Director Quinn Saunders and screenwriters Pete Cafaro and Andrew Kayros mostly split the difference. The story is largely presented in a way that leaves the door wide open for a real-world explanation for the demons that haunt Doug.
On the other hand, the filmmakers go so wildly over the top with the horror film conventions that it makes the supernatural aspects impossible to ignore. There are way too many instances of something horrific happening to Doug only to have him jolt awake in bed from a nightmare. Even more blatantly, every scene with Woody recalled the Harbinger in Cabin in the Woods. (Except that here, no one’s laughing at his ridiculousness.) On top of that, the mythology surrounding the house — including some creepy masks that get conspicuous screen time — feels vague and like it didn’t get the filmmakers’ full attention.
As a result, I liked Apparition better when it remained somewhat earthbound.
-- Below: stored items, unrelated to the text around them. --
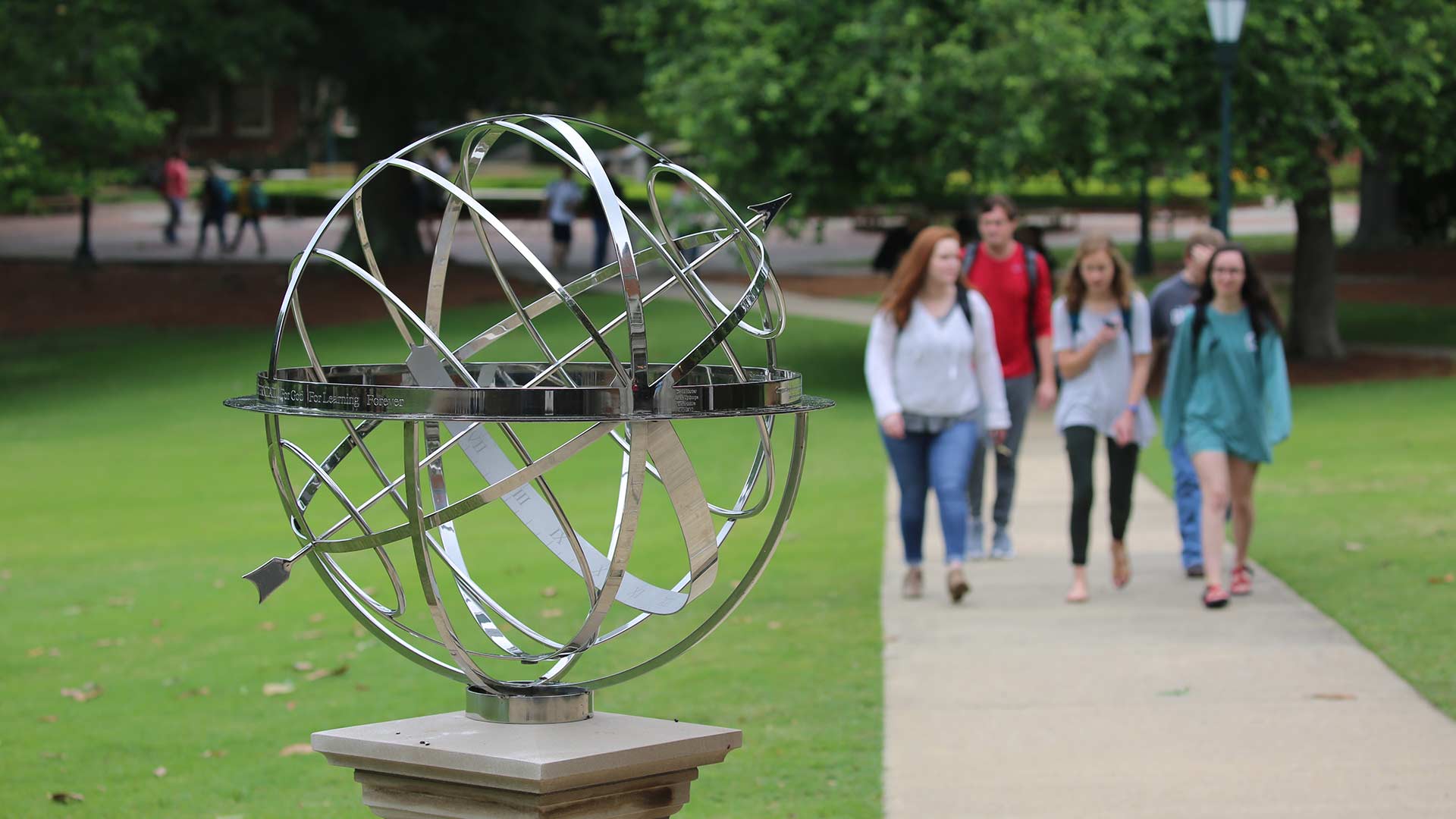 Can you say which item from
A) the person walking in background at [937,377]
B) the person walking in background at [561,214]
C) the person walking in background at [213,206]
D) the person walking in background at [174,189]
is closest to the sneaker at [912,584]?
the person walking in background at [937,377]

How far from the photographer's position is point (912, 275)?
8469mm

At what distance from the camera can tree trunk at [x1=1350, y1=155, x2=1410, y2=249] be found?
122 feet

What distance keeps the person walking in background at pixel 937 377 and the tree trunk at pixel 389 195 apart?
24.3m

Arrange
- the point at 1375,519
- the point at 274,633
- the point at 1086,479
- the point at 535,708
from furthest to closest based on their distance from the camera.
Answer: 1. the point at 1375,519
2. the point at 1086,479
3. the point at 274,633
4. the point at 535,708

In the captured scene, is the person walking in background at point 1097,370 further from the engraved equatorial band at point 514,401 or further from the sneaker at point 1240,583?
the engraved equatorial band at point 514,401

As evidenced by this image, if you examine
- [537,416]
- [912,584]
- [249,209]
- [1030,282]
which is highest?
[537,416]

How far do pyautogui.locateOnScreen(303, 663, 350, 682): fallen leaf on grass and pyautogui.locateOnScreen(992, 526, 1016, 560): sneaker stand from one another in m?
3.99

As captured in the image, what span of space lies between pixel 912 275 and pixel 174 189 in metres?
Result: 33.7

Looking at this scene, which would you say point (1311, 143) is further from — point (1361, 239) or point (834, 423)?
point (1361, 239)

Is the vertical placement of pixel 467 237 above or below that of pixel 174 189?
below

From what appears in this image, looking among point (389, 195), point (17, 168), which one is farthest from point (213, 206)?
point (17, 168)

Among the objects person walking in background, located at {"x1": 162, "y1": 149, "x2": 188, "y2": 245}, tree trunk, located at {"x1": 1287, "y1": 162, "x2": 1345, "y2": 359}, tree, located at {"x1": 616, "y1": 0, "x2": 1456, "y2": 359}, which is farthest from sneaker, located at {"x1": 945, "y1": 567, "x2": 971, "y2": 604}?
person walking in background, located at {"x1": 162, "y1": 149, "x2": 188, "y2": 245}

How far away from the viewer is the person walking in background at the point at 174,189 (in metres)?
38.4

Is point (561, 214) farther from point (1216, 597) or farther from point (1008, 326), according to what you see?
point (1216, 597) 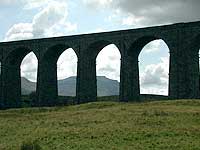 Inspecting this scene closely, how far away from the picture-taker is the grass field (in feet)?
97.7

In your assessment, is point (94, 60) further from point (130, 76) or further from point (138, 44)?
point (138, 44)

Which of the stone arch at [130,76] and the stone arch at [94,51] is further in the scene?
the stone arch at [94,51]

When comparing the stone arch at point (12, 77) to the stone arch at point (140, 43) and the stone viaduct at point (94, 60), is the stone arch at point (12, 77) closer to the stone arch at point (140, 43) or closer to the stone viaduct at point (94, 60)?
the stone viaduct at point (94, 60)

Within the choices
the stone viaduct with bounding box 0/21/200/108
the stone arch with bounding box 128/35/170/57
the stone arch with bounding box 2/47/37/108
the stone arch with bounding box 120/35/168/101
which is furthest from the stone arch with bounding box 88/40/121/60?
the stone arch with bounding box 2/47/37/108

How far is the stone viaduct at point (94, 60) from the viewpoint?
61469mm

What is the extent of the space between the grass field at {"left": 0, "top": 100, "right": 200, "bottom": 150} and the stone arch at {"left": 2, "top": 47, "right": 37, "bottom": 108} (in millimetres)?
37913

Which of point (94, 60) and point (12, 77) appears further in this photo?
point (12, 77)

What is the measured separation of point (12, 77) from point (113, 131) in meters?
54.3

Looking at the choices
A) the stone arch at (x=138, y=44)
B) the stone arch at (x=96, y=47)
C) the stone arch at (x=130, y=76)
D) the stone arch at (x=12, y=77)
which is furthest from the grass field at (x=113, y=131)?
the stone arch at (x=12, y=77)

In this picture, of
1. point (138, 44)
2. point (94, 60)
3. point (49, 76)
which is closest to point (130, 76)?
point (138, 44)

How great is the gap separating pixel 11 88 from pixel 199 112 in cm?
5042

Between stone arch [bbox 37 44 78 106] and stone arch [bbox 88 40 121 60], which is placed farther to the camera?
stone arch [bbox 37 44 78 106]

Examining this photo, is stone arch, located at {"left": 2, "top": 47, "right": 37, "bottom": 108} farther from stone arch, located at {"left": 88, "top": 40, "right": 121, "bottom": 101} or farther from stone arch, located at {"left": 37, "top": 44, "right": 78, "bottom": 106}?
stone arch, located at {"left": 88, "top": 40, "right": 121, "bottom": 101}

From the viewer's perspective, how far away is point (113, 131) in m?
34.0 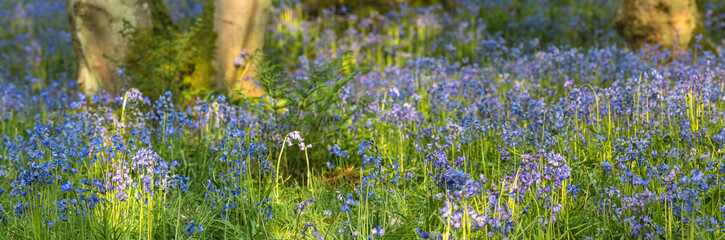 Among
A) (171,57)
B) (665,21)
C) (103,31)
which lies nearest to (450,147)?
(171,57)

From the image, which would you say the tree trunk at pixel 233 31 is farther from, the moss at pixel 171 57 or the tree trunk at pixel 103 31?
the tree trunk at pixel 103 31

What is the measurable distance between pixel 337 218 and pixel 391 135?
1362mm

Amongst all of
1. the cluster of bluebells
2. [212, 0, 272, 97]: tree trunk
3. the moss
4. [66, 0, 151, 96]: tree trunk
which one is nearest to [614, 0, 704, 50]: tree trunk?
the cluster of bluebells

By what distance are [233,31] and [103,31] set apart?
3.84ft

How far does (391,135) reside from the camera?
437 centimetres

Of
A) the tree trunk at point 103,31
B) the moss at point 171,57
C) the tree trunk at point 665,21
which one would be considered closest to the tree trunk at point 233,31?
the moss at point 171,57

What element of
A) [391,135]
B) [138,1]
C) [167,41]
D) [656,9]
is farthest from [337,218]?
[656,9]

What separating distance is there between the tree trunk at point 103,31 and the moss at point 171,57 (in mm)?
116

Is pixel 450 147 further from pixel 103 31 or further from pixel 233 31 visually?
pixel 103 31

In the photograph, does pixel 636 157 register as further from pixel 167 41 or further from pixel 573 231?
pixel 167 41

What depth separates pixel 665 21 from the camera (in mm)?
6625

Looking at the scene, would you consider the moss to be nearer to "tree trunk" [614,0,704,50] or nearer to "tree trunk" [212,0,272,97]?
"tree trunk" [212,0,272,97]

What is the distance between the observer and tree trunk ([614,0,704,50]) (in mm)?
6570

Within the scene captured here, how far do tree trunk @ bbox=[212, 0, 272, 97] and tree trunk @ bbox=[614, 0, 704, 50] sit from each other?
13.5 ft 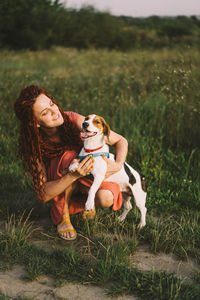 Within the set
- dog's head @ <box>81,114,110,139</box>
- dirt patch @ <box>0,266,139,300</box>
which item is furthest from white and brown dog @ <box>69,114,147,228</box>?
dirt patch @ <box>0,266,139,300</box>

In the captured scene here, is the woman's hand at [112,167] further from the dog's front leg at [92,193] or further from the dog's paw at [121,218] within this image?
the dog's paw at [121,218]

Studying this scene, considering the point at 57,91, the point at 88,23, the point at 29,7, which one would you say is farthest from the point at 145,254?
the point at 88,23

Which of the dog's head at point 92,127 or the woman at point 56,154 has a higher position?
the dog's head at point 92,127

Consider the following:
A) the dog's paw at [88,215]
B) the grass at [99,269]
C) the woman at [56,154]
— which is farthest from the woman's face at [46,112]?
the grass at [99,269]

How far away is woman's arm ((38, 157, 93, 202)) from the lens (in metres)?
2.35

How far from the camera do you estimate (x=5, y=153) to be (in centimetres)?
427

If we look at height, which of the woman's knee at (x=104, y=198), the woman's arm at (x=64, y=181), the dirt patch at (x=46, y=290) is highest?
the woman's arm at (x=64, y=181)

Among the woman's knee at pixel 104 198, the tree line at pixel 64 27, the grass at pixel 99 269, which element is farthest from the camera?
the tree line at pixel 64 27

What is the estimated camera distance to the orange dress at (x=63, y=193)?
275 centimetres

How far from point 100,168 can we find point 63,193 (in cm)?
70

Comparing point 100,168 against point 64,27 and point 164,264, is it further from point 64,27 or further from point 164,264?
point 64,27

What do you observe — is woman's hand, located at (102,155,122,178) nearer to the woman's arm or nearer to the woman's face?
the woman's arm

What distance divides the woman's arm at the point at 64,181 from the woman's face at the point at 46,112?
17.9 inches

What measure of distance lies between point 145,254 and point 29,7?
17.7 meters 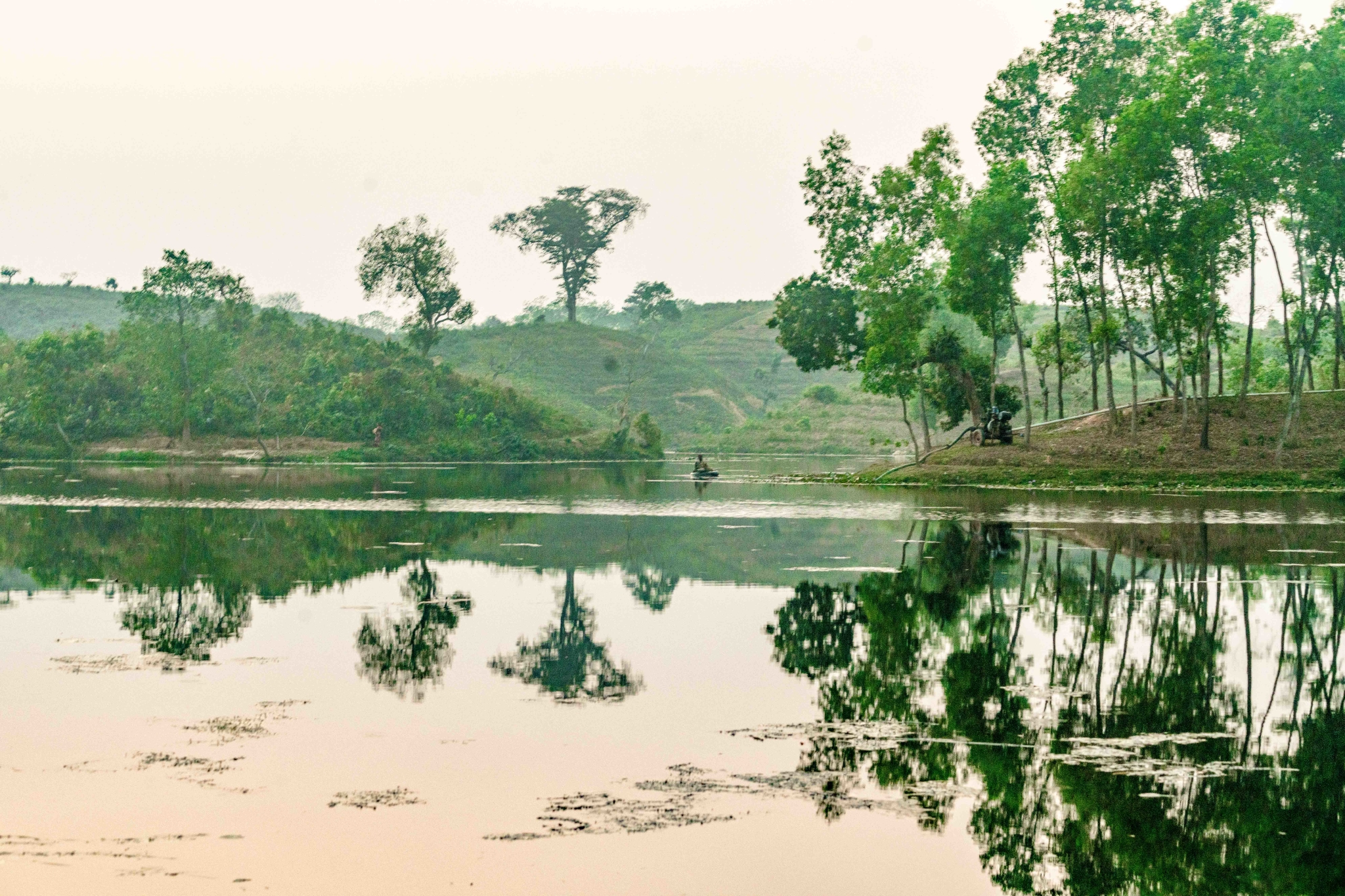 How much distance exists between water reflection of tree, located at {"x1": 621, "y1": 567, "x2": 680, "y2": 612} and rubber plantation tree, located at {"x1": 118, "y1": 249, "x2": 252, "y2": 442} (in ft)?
250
But even these segments of the film probably would’ve been bolstered by stronger performances. Quigley, in particular, comes off as too mopey and ineffectual to carry the film. The mopiness obviously serves him well when Doug is mourning Lori’s loss, but the actor isn’t very convincing when he’s asked to be flirty (or menacing). Law, on the other hand, nicely goes from soft loveliness to threatening coldness whenever Lori’s memory pops up to torment Doug. Bordan is saddled with the most contrived character — Jamie happens to be studying psychology, so she’s especially eager to help Doug cope with Lori’s loss — and isn’t able to do much to stand out.
The final act is an effective gut punch, even if you’ve worked out what’s about to happen. Apparition will likely disappoint horror fans looking for straight-up scares, but is a flawed, intriguing low-budget thriller if you like your relationship dramas with a healthy dose of the supernatural.